Give back the entries that follow exactly as written. Any picture gets left out.

++++ SUPPLIED DATA

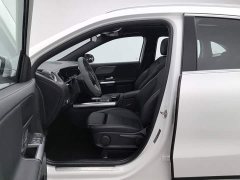 Mercedes-Benz GLA Facelift GLA 200 - фото 10
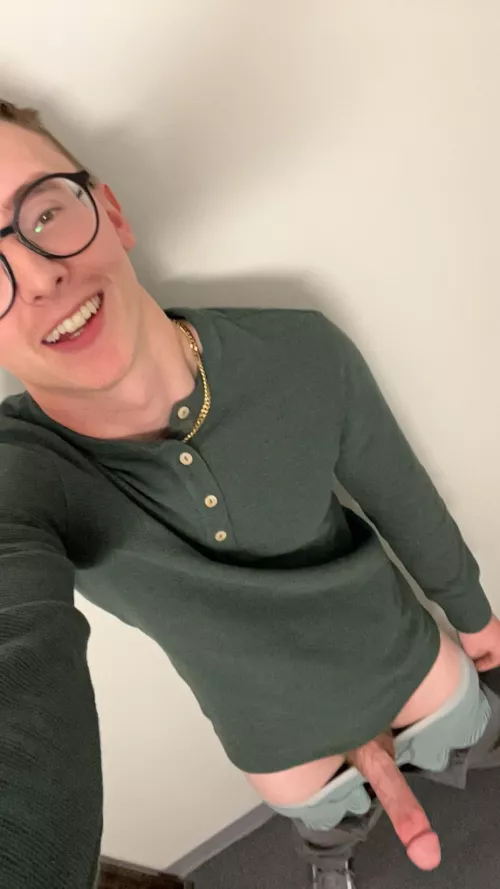 Hey babes by Wild_wes420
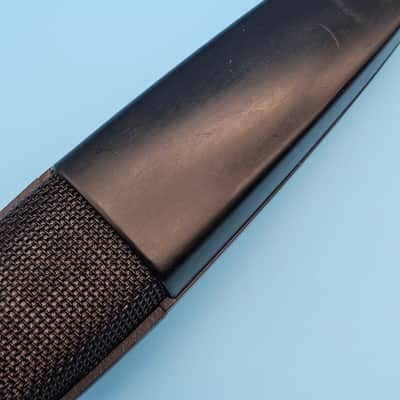 ☆Vintage Sennheiser MD 421 Microphone w/ Mic Clip - U-5 U-4 image 3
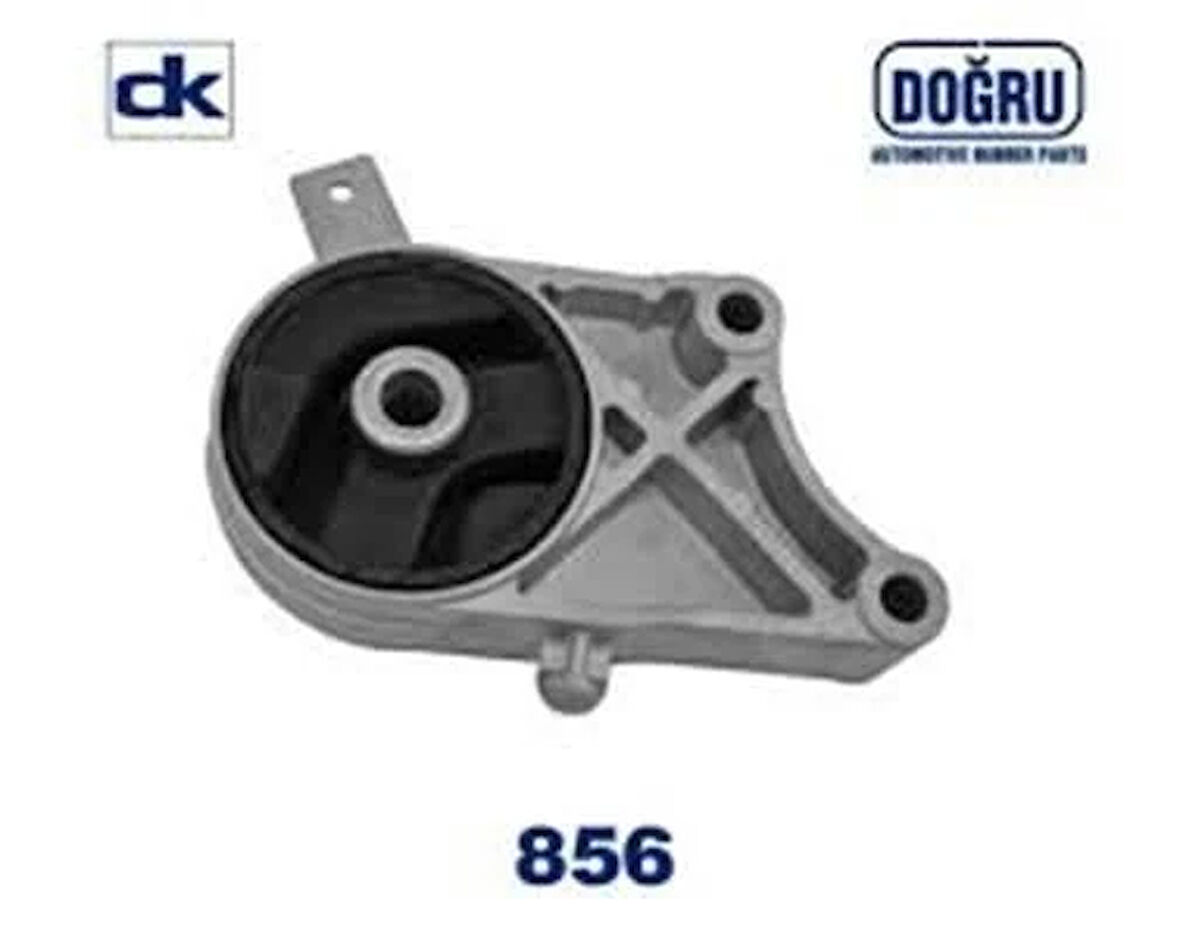 MOTOR TAKOZU VECTRA C Y20DTH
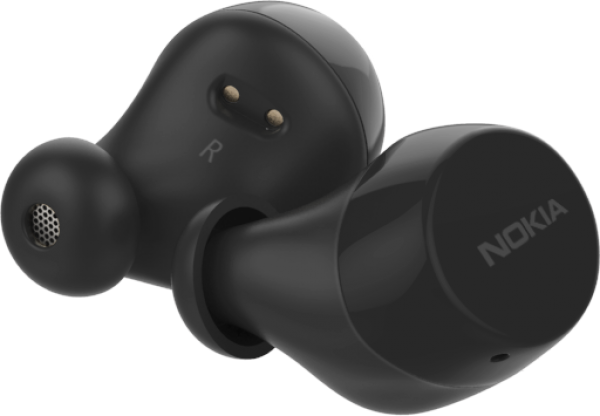 Nokia Power Earbuds Tam Kablosuz Kulaklık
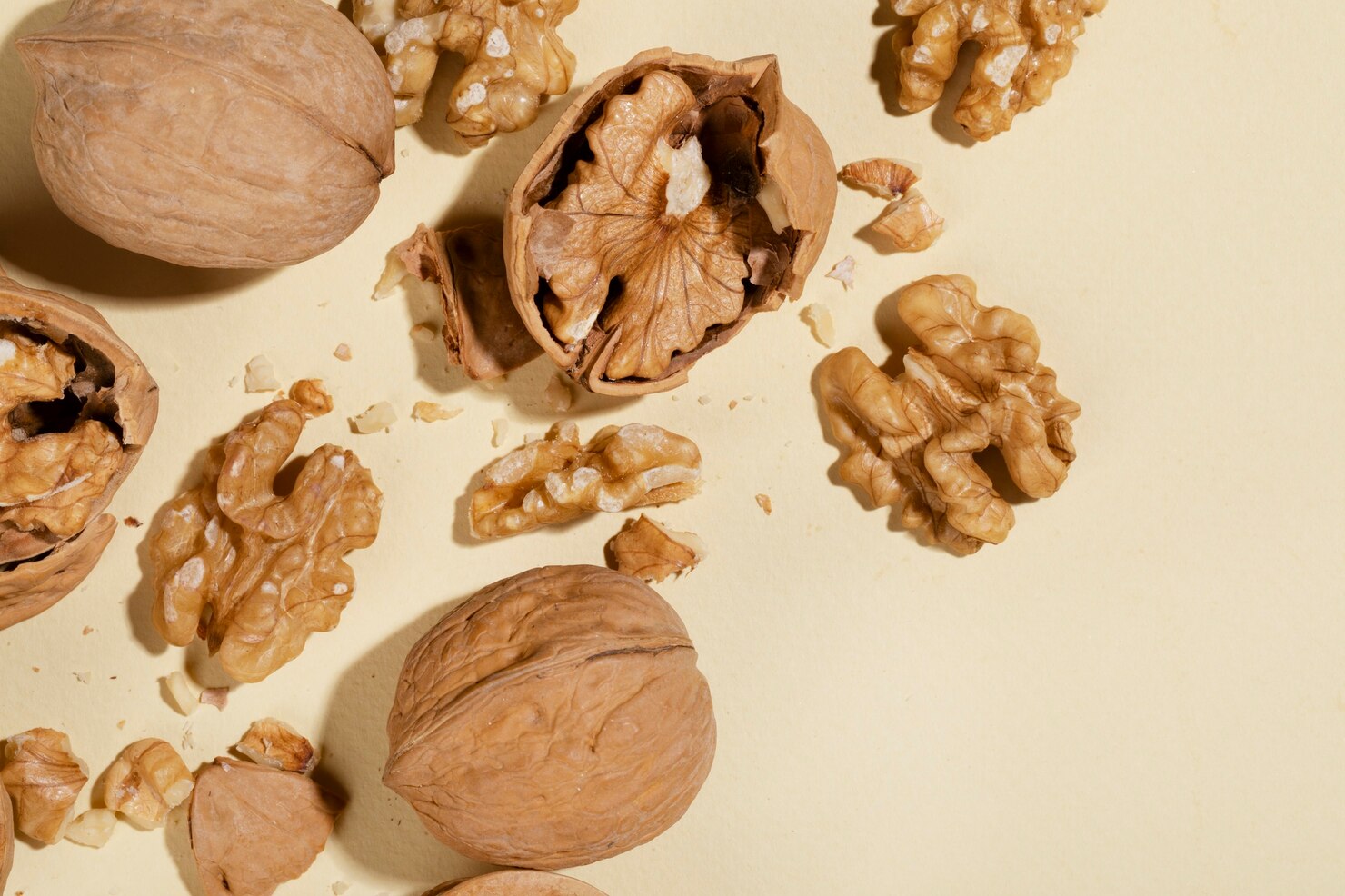 Nueces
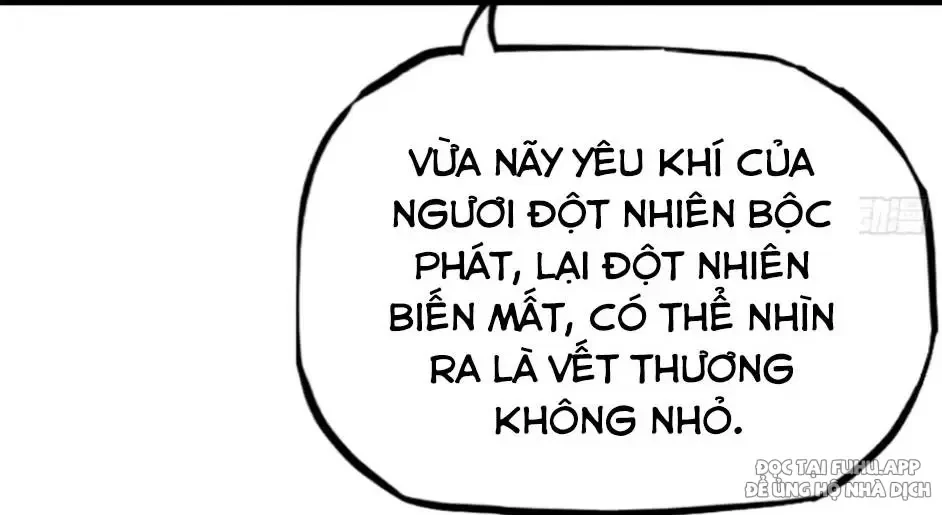 Phong Yêu Vấn Đạo Chapter 17 - 115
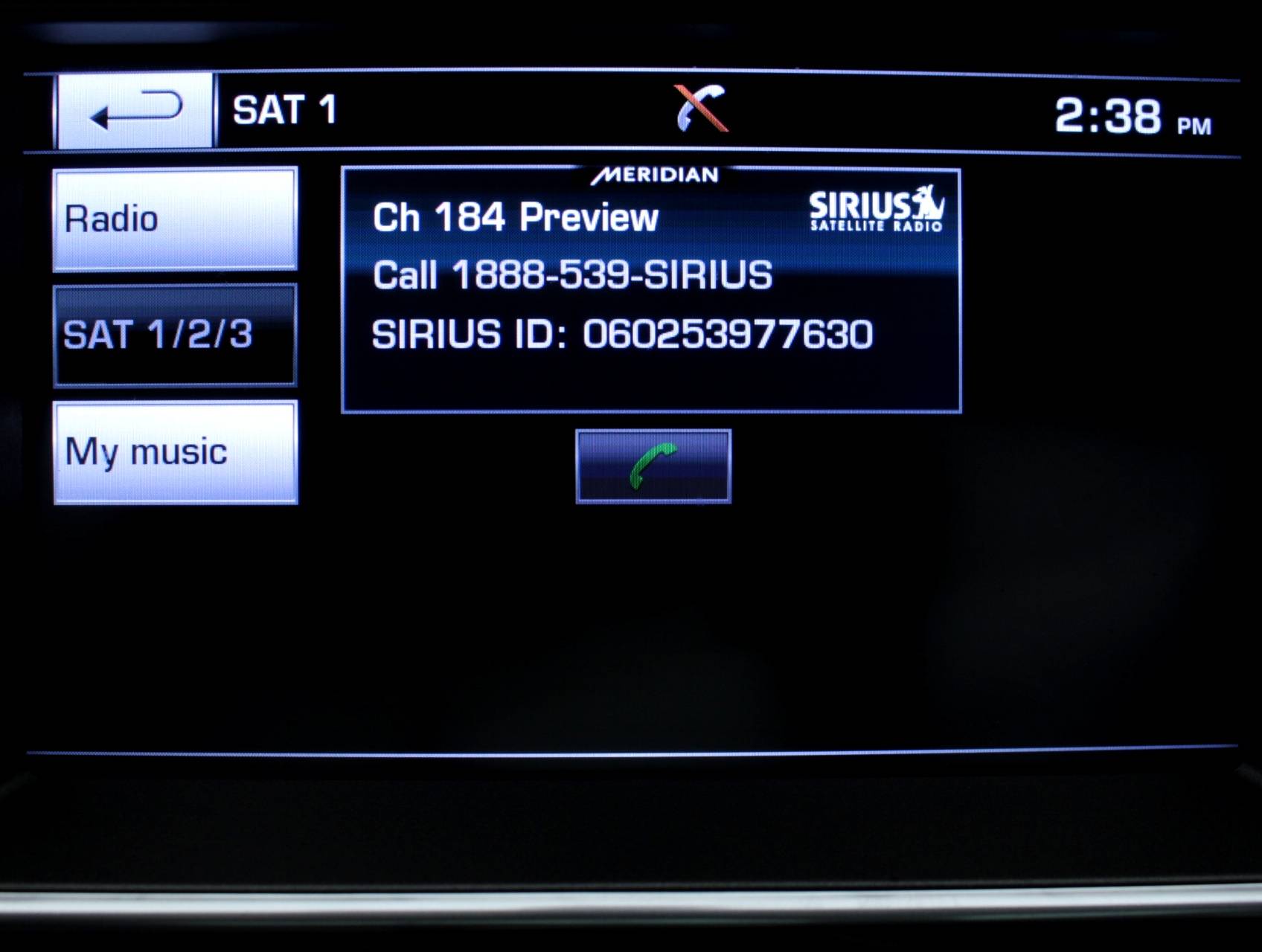 Florida Fine Cars - Used LAND ROVER RANGE ROVER EVOQUE 2015 MIAMI PURE PLUS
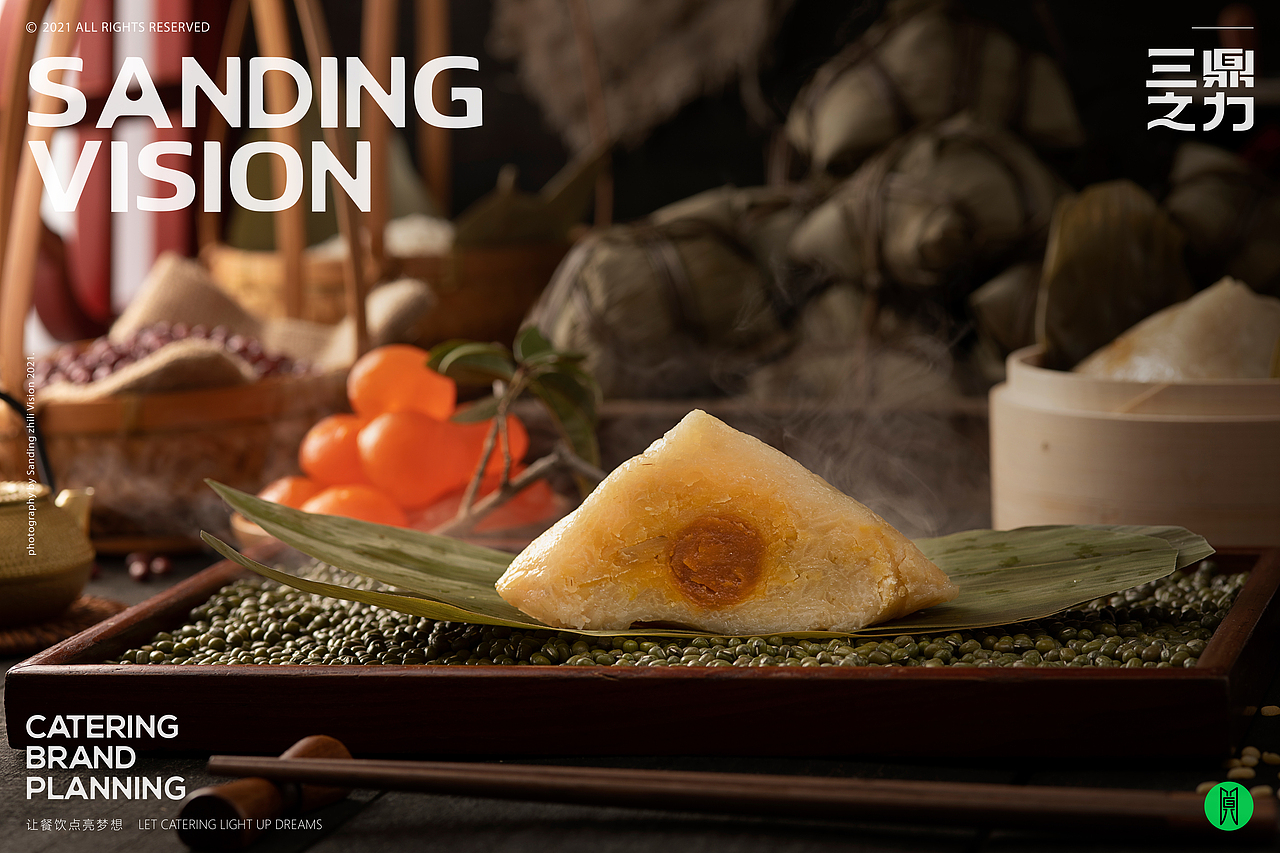 美食摄影 | 喜悦水乡 X SANDING（图ZMzAzOTAwNDUy） - 美食摄影 - 站酷设计师三鼎之力影视部原创素材 - 站酷ZCOOL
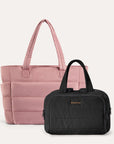 Crush & Bubble Reiseset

++++++++

## EXPECTED ANSWER
 Mercedes-Benz GLA Facelift GLA 200 - фото 10
 Hey babes by Wild_wes420
 ☆Vintage Sennheiser MD 421 Microphone w/ Mic Clip - U-5 U-4 image 3
 MOTOR TAKOZU VECTRA C Y20DTH
 Nokia Power Earbuds Tam Kablosuz Kulaklık
 Nueces
 Phong Yêu Vấn Đạo Chapter 17 - 115
 Florida Fine Cars - Used LAND ROVER RANGE ROVER EVOQUE 2015 MIAMI PURE PLUS
 美食摄影 | 喜悦水乡 X SANDING（图ZMzAzOTAwNDUy） - 美食摄影 - 站酷设计师三鼎之力影视部原创素材 - 站酷ZCOOL
 Crush & Bubble Reiseset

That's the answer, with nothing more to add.